Several theories have attempted to explain the above relationships among various aspects of job insecurity and job satisfaction. These include stress theory, job demands-resources model, and psychological contract theory. According to stress theory (Lazarus and Folkman, 1984), job insecurity is perceived as a work stressor, given that the anticipation of possible job loss can be perceived as a source of anxiety as importantly as the loss itself. Cheng and Chan (2008) pointed out that job insecurity is a powerful stressor, which results in a variety of strain outcomes, including poor well-being, diminished job attitudes, and poor performance. Next, according to the job demands-resources model (Bakker and Demerouti, 2007, 2013), job insecurity can be seen as a threatening demand, in particular, when demands are higher than the resources (provided by the organization or personal ones); or when the existing resources are not enough to buffer the impact of job demands on strain, resulting in a decrease of job satisfaction. Third, psychological contract theory (De Cuyper and De Witte, 2006) suggests that perceived violations of socio-emotional expectations are manifested as job insecurity, i.e., the disconnect between employee effort and employer security; that situation may lead employees to decrease loyalty and effort in order to restore the balance of the expectations between employers and employees (Vander Elst et al., 2014). Regardless of framework, it can be expected that job insecurity has negative outcomes.
Indeed, a growing body of research based on these theories has pointed out that job insecurity negatively affects employee attitudes, behaviors, and health (Sverke et al., 2002; Cheng and Chan, 2008; Silla et al., 2009; Sora et al., 2010; Peiró et al., 2012). Moreover, consistent evidence indicates negative associations among job insecurity and key attitudinal outcomes, such as employee organizational commitment and job satisfaction (Ito and Brotheridge, 2007; De Cuyper et al., 2009; König et al., 2011; Debus et al., 2012; Jiang and Probst, 2016). Interestingly, between extrinsic and intrinsic job satisfaction, Buitendach and De Witte (2005) found that job insecurity negatively impacts extrinsic, but not intrinsic, job satisfaction; this suggests that job insecurity is related with extrinsic aspects of job satisfaction, such as the type of contract. However, considering that job insecurity has a negative impact on wellbeing (Mauno and Kinnunen, 1999) it is worth reviewing if intrinsic job satisfaction is also negatively impacted.

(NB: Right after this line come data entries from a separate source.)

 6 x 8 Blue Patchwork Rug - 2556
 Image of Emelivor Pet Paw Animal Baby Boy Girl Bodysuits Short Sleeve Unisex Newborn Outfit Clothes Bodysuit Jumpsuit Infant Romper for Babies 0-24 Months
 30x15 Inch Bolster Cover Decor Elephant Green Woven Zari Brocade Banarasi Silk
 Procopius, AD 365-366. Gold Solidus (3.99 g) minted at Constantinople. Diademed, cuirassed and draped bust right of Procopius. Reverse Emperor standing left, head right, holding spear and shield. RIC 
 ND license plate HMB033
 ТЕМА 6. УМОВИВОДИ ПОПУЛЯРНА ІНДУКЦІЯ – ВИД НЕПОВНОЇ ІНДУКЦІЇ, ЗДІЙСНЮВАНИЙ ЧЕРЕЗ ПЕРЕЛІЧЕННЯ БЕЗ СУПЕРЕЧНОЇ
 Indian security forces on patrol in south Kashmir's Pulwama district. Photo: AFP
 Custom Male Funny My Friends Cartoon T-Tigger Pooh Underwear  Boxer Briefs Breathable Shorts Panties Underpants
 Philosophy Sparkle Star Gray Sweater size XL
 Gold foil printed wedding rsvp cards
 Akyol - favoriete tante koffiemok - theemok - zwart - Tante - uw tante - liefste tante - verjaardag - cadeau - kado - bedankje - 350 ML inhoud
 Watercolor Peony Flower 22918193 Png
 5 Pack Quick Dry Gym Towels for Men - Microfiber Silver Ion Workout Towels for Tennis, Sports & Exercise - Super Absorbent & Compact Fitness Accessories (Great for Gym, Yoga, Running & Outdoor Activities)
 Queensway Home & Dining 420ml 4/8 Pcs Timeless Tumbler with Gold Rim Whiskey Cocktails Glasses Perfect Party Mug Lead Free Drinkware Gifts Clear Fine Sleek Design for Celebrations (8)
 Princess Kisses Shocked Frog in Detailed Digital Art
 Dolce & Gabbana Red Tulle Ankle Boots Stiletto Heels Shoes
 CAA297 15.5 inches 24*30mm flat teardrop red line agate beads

Based on these theoretical frameworks and on the results of previous studies, the first hypothesis was formulated:
Hypothesis 1: Job insecurity will negatively correlate with intrinsic (H1a) and extrinsic (H1b) job satisfaction. The relationship will be stronger for H1b than for H1a.
Perceived Employability as Moderator
There is no consensus on how to define employability (Kluytmans and Ott, 1999; Fugate et al., 2004). However, authors generally agree that employability refers to employee ability to obtain and maintain employment (Hillage and Pollard, 1998); to the chances of finding alternative employment, either on the internal or the external labor market (Forrier and Sels, 2003); and to the development of variegated attributes, abilities, and competences. In the latter sense, Fugate et al. (2004) conceptualized employability as “a form of work-specific active adaptability that enables workers to identify and realize career opportunities” (p. 16), composed of the following three dimensions: human and social capital, career identity, and personal adaptability. Similarly, Van der Heijde and Van der Heijden (2006) considered employability to be “the continuous fulfilling, acquiring or creating of work through the optimal use of competences” (p. 453), which establishes a model of employability based on occupational expertise, anticipation and optimization, personal flexibility, corporate sense, and balance. From a subjective perspective, perceived employability was defined as “the individual’s perception of his or her possibilities of getting new employment and is thus approached from the individual’s perspective” (Berntson and Marklund, 2007, p. 281). Employability is related to the perception one has toward the opportunities available and the amount of effort needed to get a job.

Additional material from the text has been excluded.